The wealthy citizens of ancient Ephesus lived a luxurious life with beautiful two and three storey villas which had extensive mosaics and frescoes, baths, running hot and cold water, sewerage systems, central courtyards to let in the light, marble floors and walls which helped to regulate the internal temperature and underfloor heating in the winter. All this around 5th century BC.
There were also forums, arcadia (shops), covered walkways, a gymnasium, public baths, temples and public fountains. They had large numbers of slaves who catered to their every need, even to the point where in winter they would apparently send their slave ahead to the bathroom to warm the marble seat for them (I hope it was warmed with hot towels, but I’m guessing not). Even though some houses had private bathrooms, the public latrines were very popular for meeting up with
friends and er... you know... doing stuff together. I cannot tell you how repulsed I am by this concept!

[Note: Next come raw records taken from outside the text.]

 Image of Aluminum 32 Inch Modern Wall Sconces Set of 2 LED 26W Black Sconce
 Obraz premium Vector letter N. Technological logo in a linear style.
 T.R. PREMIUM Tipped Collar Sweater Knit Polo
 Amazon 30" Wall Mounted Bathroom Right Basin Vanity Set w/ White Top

Ephesus is considered one of the largest and best preserved classical cities in the world, although it is understood that only 15% of the site has been excavated to-date. And as far as ancient ruins go, I found it much more interesting than most. The theatre was amazing, and as we sat on one of the tiers taking it all in, I tried to imagine this in its time – full to capacity with 25,000 people reverently listening to the preaching of St Paul (his letter to the Ephesians), or applauding lustily at the bloody battles between gladiators. The local guide Harry decided to demonstrate the acoustics of the theatre by singing an operatic song in German. It sounded incredible for a theatre that is well past its glory days, although big name international acts still use it for concerts in summer.

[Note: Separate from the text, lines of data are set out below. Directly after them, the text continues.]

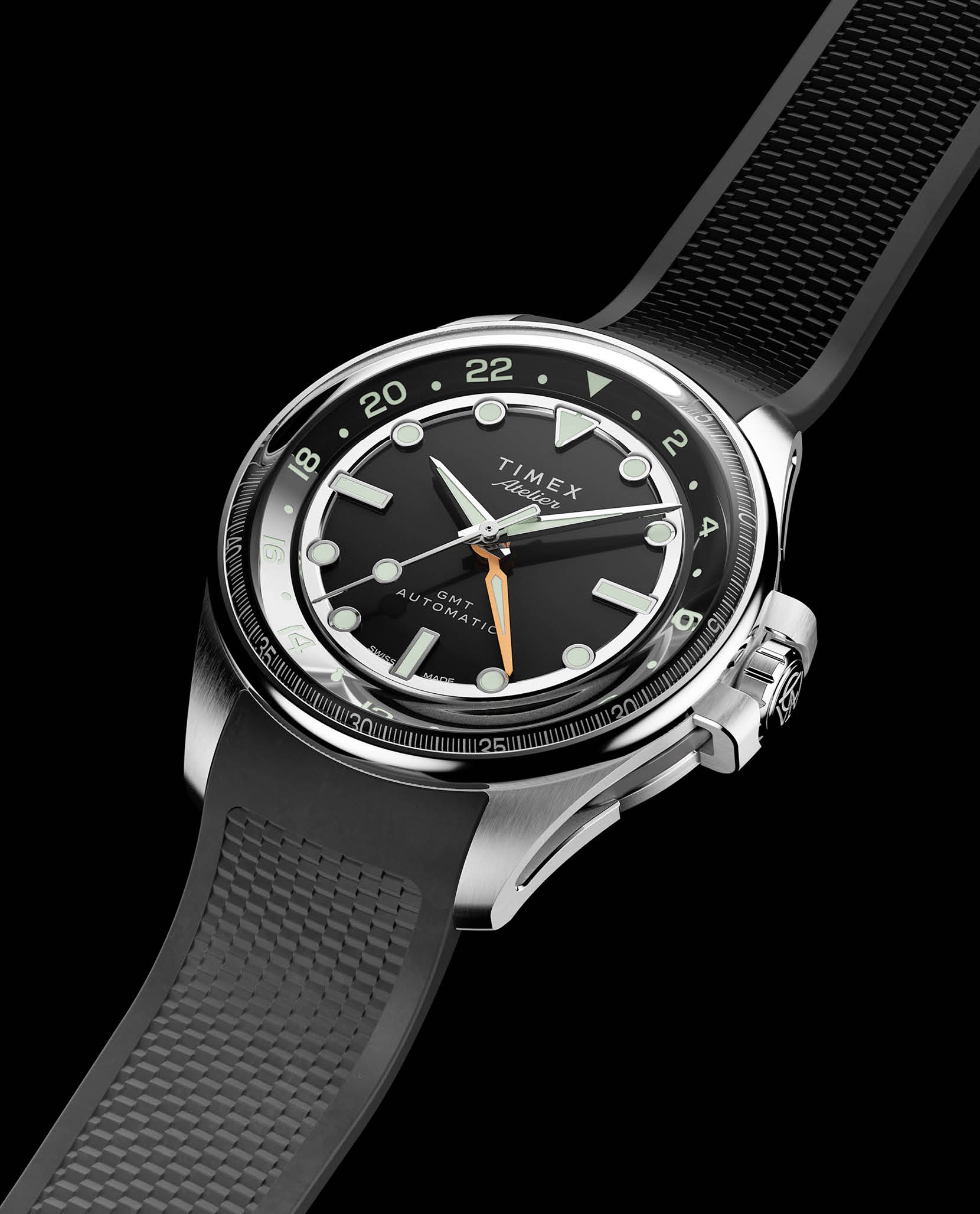 In-line-Timex Atelier GMT24 M1a Swiss Made Automatic GMT 40mm NBR Synthetic Rubber Strap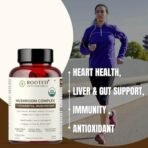 Rooted Mushroom Complex - 7 Mushrooms blend for Heart, Liver, Gut, Energy & Immunity (60 Veg Caps, 500 mg) |USDA organic, > 30% Beta Glucans - Fast UK Delivery - Image 5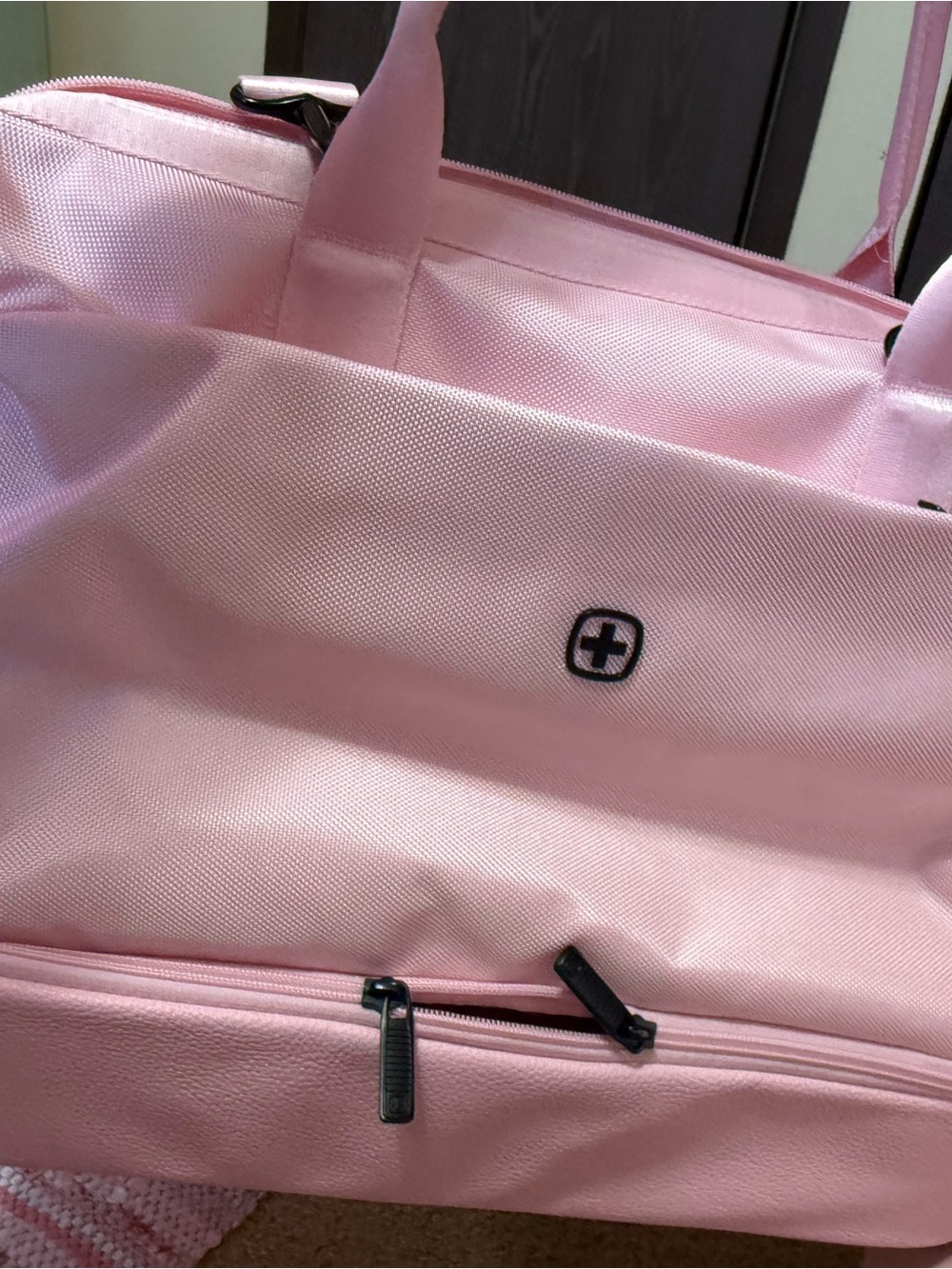 Light Pink Travel Tote with Front Zip Pocket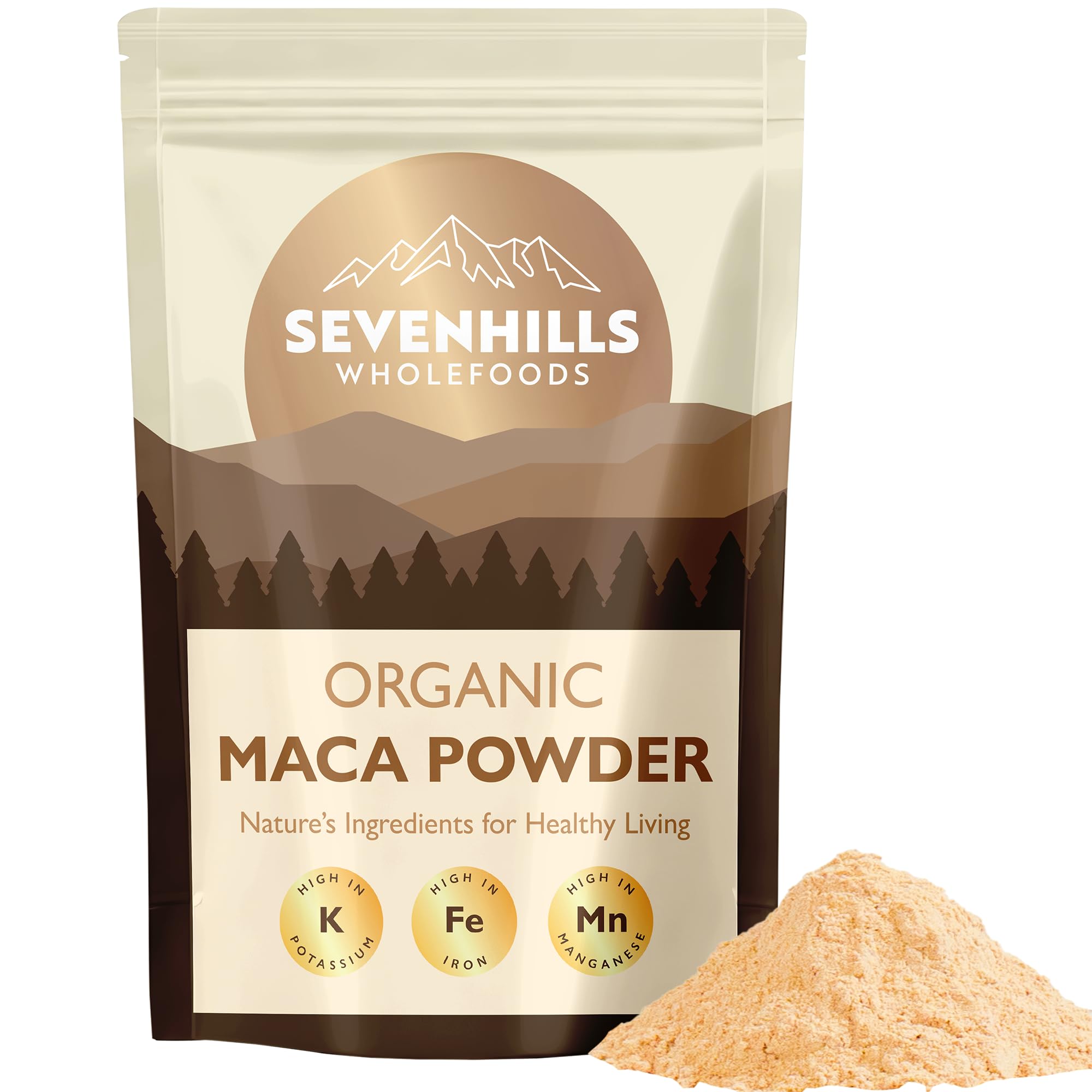 Sevenhills Wholefoods Organic Maca Powder 1kg from Peru, Pure Maca Root, Vegan, Gluten-Free, Non-GMO, Kosher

When our heads were full with too many Ephesians facts, we went in search of dinner. Visiting Ephesus at 5pm was a great way of avoiding the cruise ship crowds and the merciless sun. Apparently it had
got up to 45 degrees in the early afternoon, but we walked around in 28 degrees and a little breeze which helped immensely. Dinner was at a local shop renowned for its gozleme
, a popular very thin savoury bread. We watched as a very capable looking woman mixed the dough, hand rolled it into thin discs with a stick-like rolling pin and filled it with different fillings of spinach and sheep’s cheese, lamb and eggplant or lamb and potatoes in a matter of minutes. It was passed to another woman who cooked it in a stone oven until it was smoky and flaky. The gozleme
was nice but quite filling, so we got doggie bags to take back to the hotel.

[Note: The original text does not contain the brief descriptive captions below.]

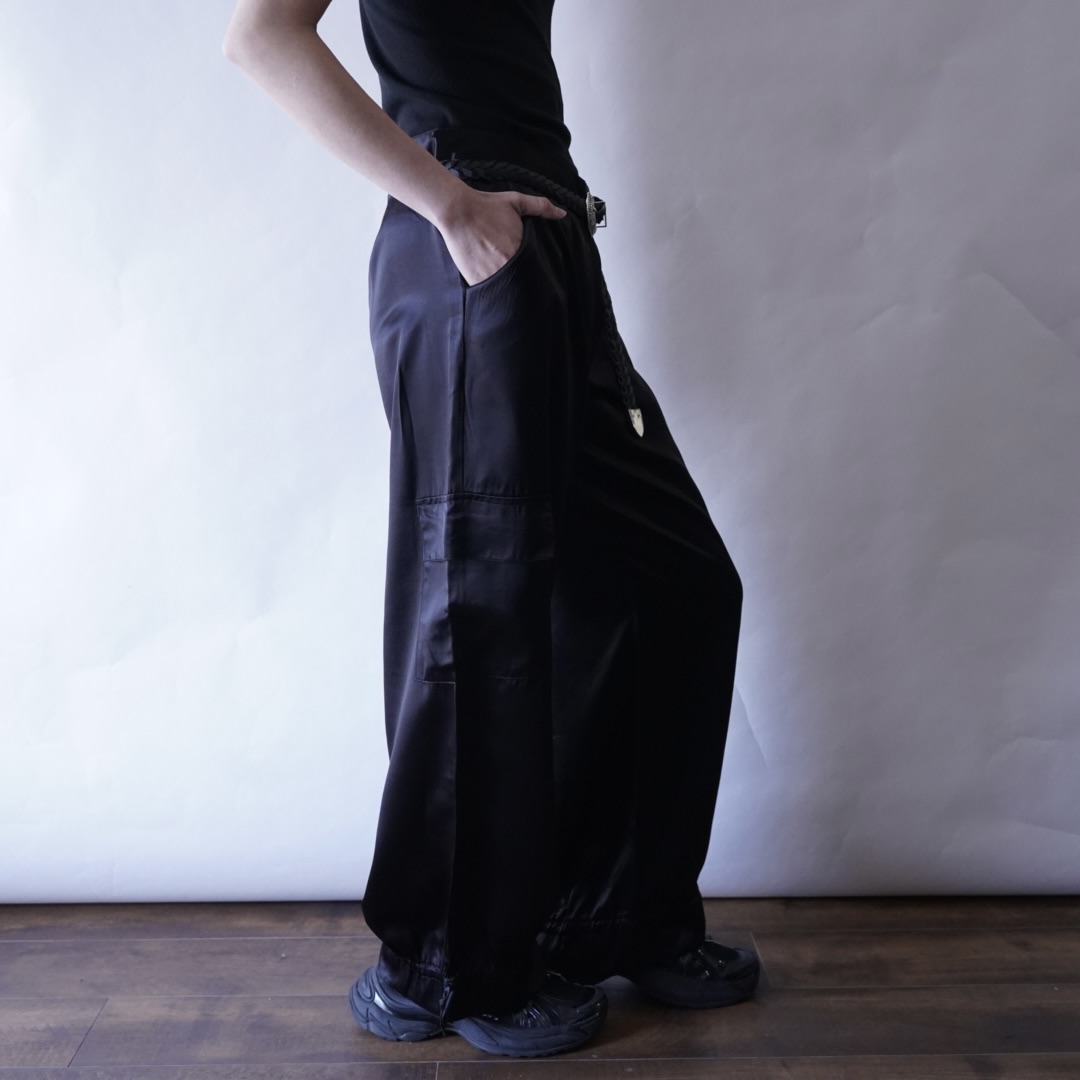 ribbon hem glossy black satin cargo pants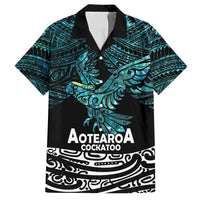 New Zealand Sulphur-crested Cockatoo Family Matching Tank Maxi Dress and Hawaiian Shirt Aotearoa Maori Mix Paua Shell LT14 Dad's Shirt - Short Sleeve Turquoise - Polynesian Pride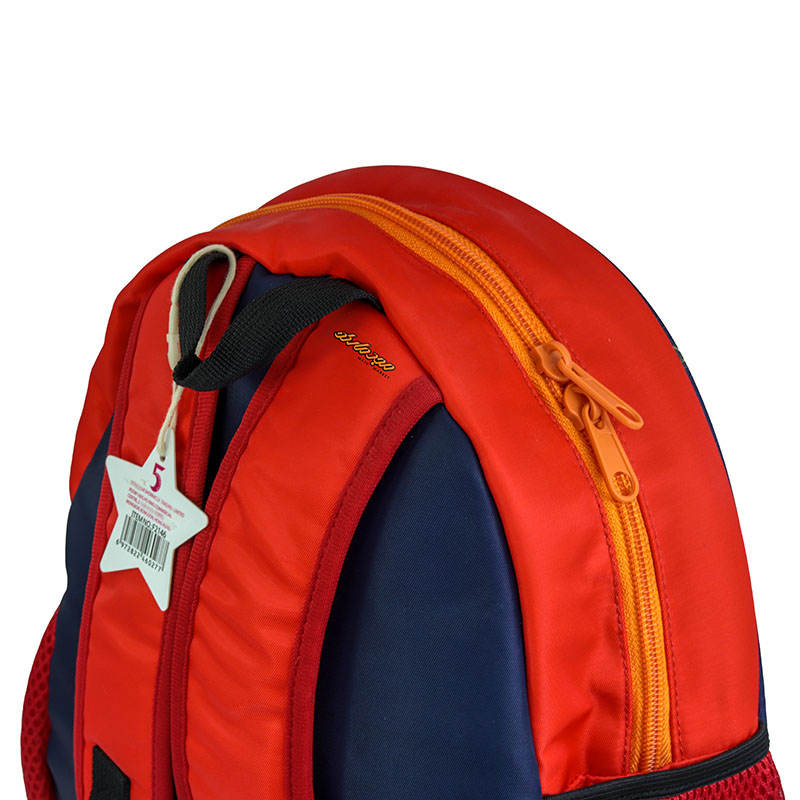 کوله پشتی مهد کودکی سورمه ای طرح توپ فوتبال مدل کینگ 2146 (4)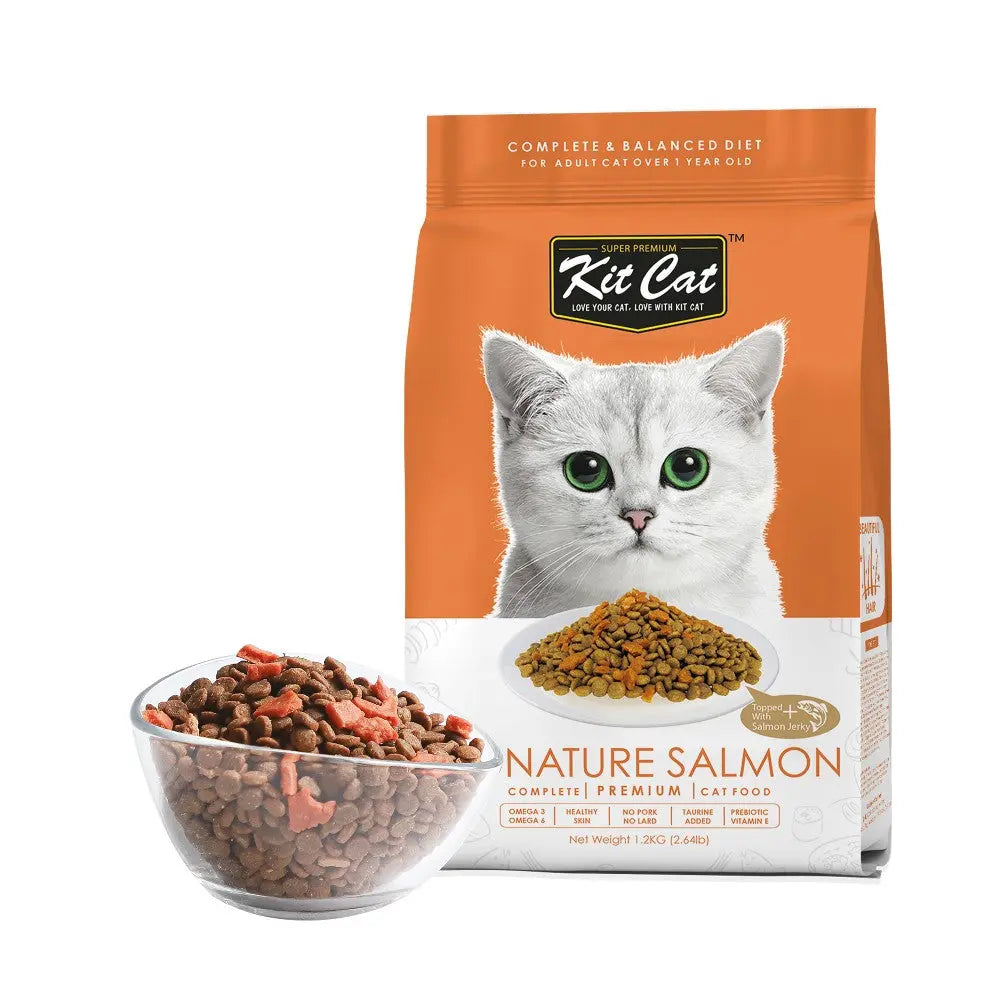 Premium Kit Cat salmon cat food in a bag with kibble in a bowl, ideal for adult cats over one year old.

The restaurant was near the Cave of the Seven Sleepers, so after dinner we walked up the hill to the grotto (every single gozleme
in my tummy was making itself known by this point). Legend has it that seven Christian men were driven into a cave and trapped. About 200 years later the cave entrance was moved open by an earthquake, causing the men to wake. They wandered downhill into the town and were somewhat shocked to learn
that it was 200 years later and they were under Christian rule. The legend is far more exciting than the cave or their tomb. I wouldn’t recommend a special trip to see it, unless you were there to eat gozleme
and happened to be in the area.
We returned to our hotel in Selcuk, and Cath, Viv, Chris, Robyn, Darryl, Shirley, Greg, Andrew and I sat outside and finished Robyn and Darryl’s bottle of apple wine from Sirince. One bottle down, two to go. There are a few ‘sweet tooths’ amongst us and a call was made that a late night ice cream was in order, so we crossed the road to a local ice cream bar and I had my second serve of chocolate flavoured dondurma
(Turkish ice cream). It was much better than the one I had in Istanbul, but I’m still not a big fan of the texture.
We crawled into bed at some point and I managed to stay awake for a whole 10 minutes before I head-planted into my book and called it a night.
Next stop Pamukkale in the Inner Aegean region!